• **Exercise details**:
The data is to be repeated exactly, with the images removed.

• **Recorded data**:

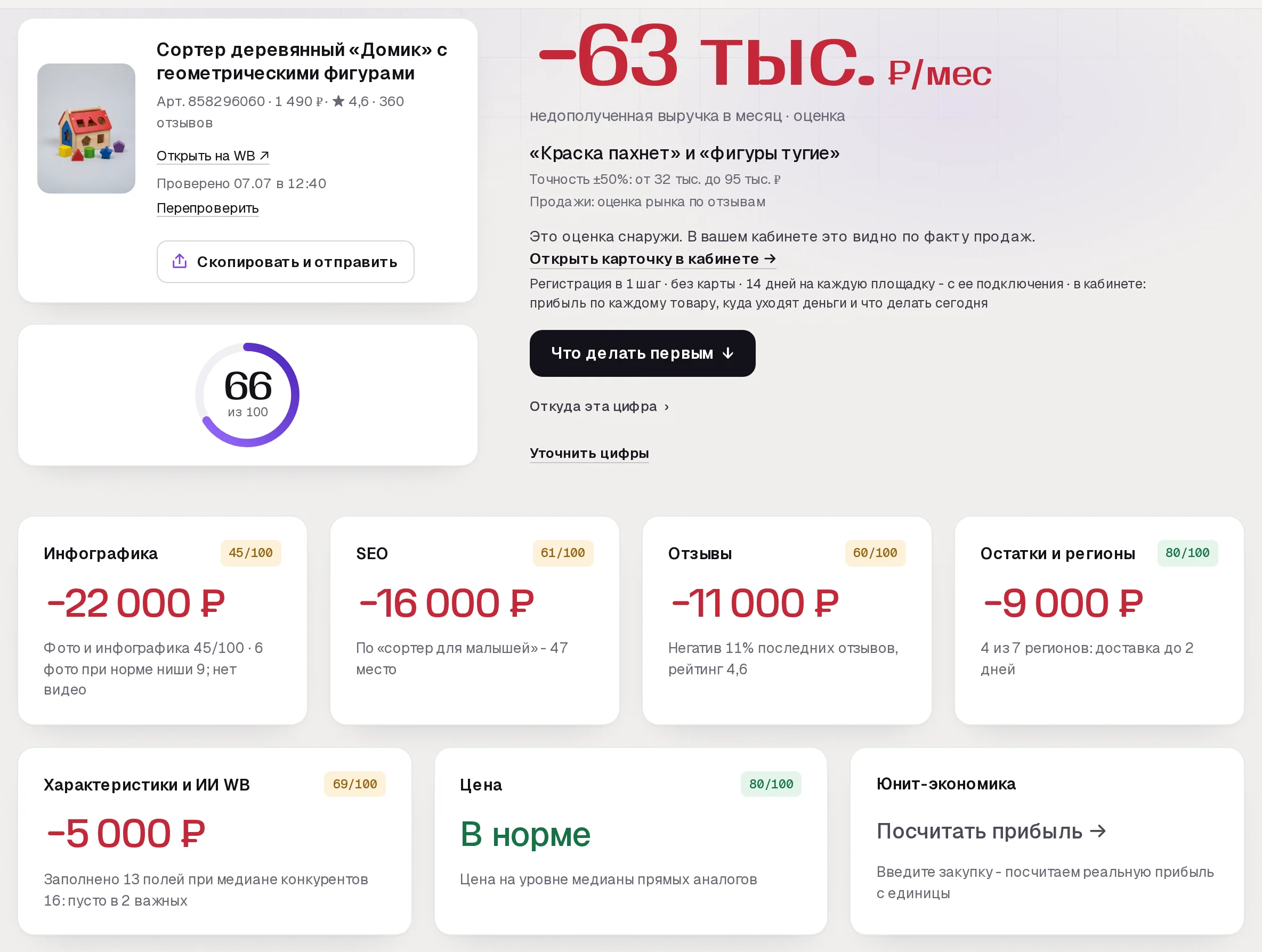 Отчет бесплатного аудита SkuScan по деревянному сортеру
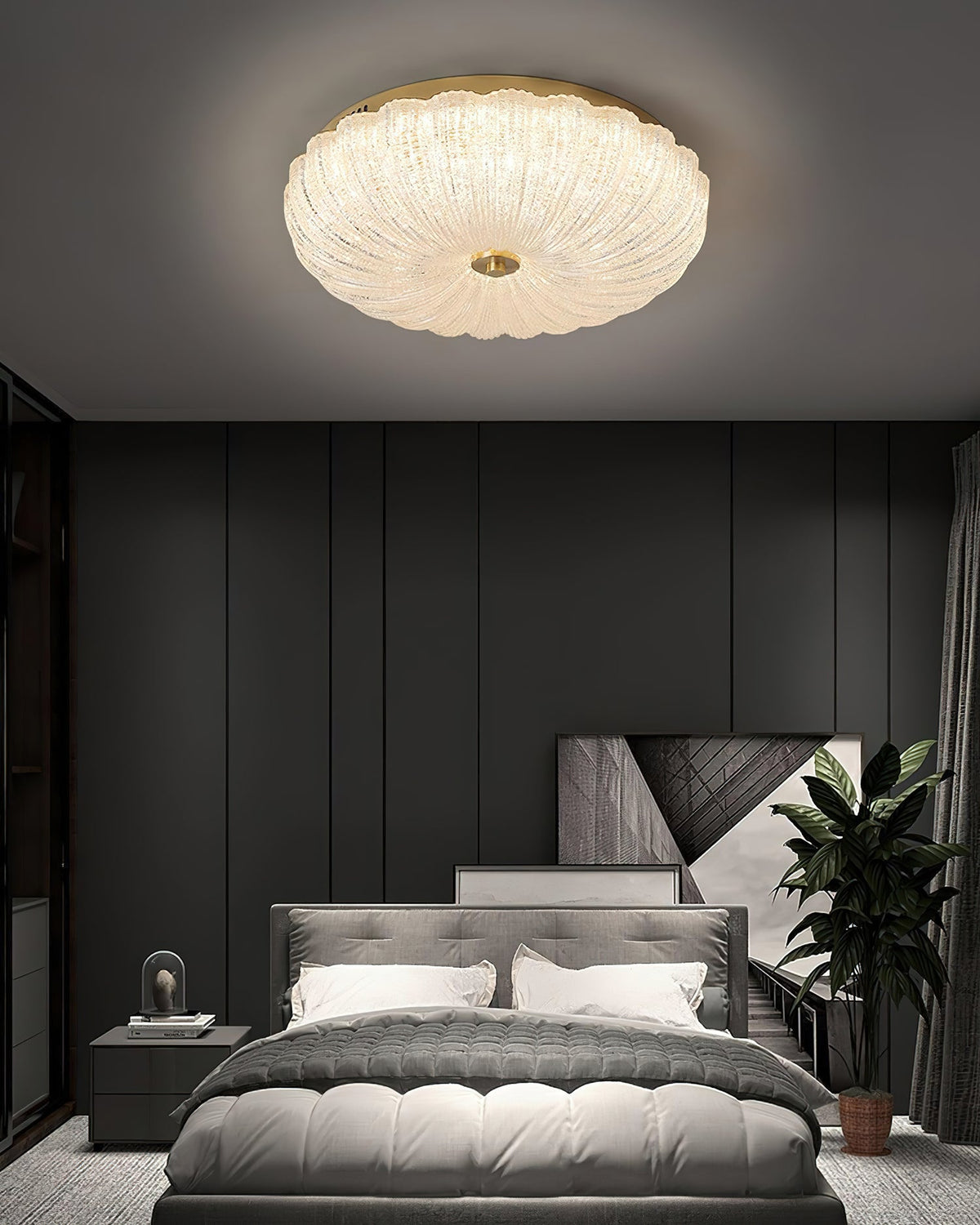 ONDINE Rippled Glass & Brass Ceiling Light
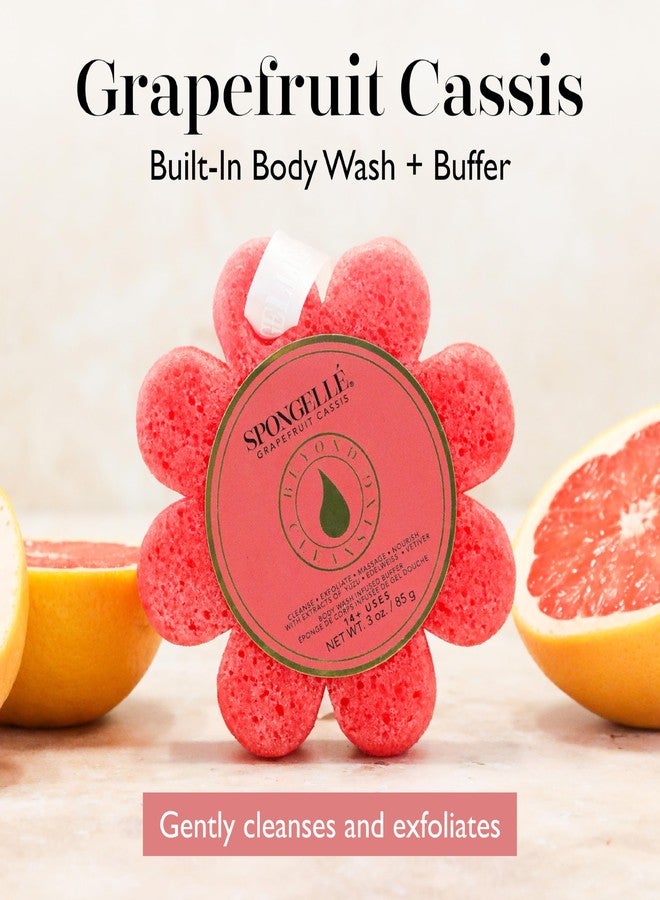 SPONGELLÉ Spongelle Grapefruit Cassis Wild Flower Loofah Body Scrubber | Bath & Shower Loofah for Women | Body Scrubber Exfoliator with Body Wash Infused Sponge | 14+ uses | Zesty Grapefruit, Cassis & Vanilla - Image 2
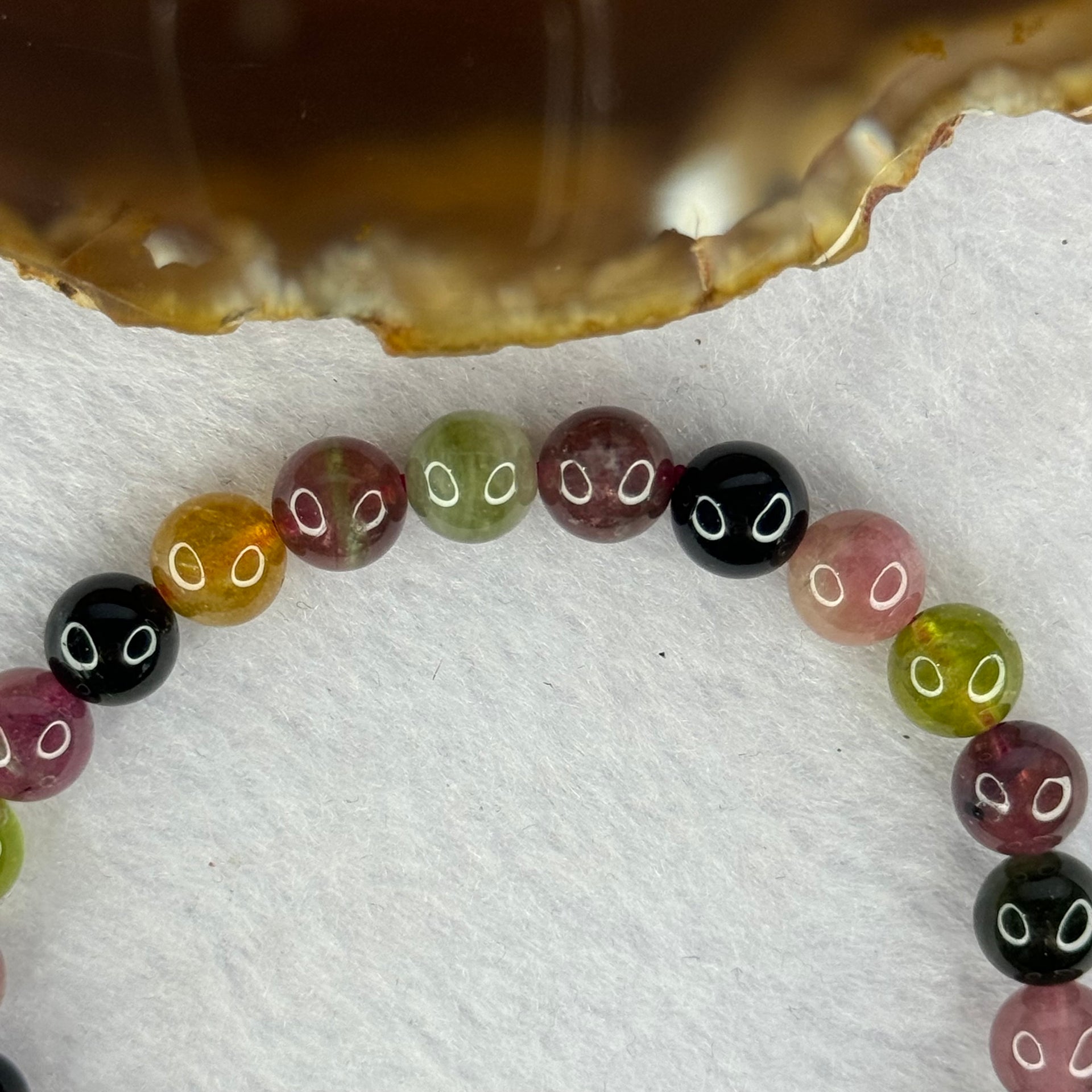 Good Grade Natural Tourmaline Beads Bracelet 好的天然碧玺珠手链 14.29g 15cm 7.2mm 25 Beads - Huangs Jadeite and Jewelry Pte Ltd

• **Solution for this problem**:
 Отчет бесплатного аудита SkuScan по деревянному сортеру
 ONDINE Rippled Glass & Brass Ceiling Light
 SPONGELLÉ Spongelle Grapefruit Cassis Wild Flower Loofah Body Scrubber | Bath & Shower Loofah for Women | Body Scrubber Exfoliator with Body Wash Infused Sponge | 14+ uses | Zesty Grapefruit, Cassis & Vanilla - Image 2
 Good Grade Natural Tourmaline Beads Bracelet 好的天然碧玺珠手链 14.29g 15cm 7.2mm 25 Beads - Huangs Jadeite and Jewelry Pte Ltd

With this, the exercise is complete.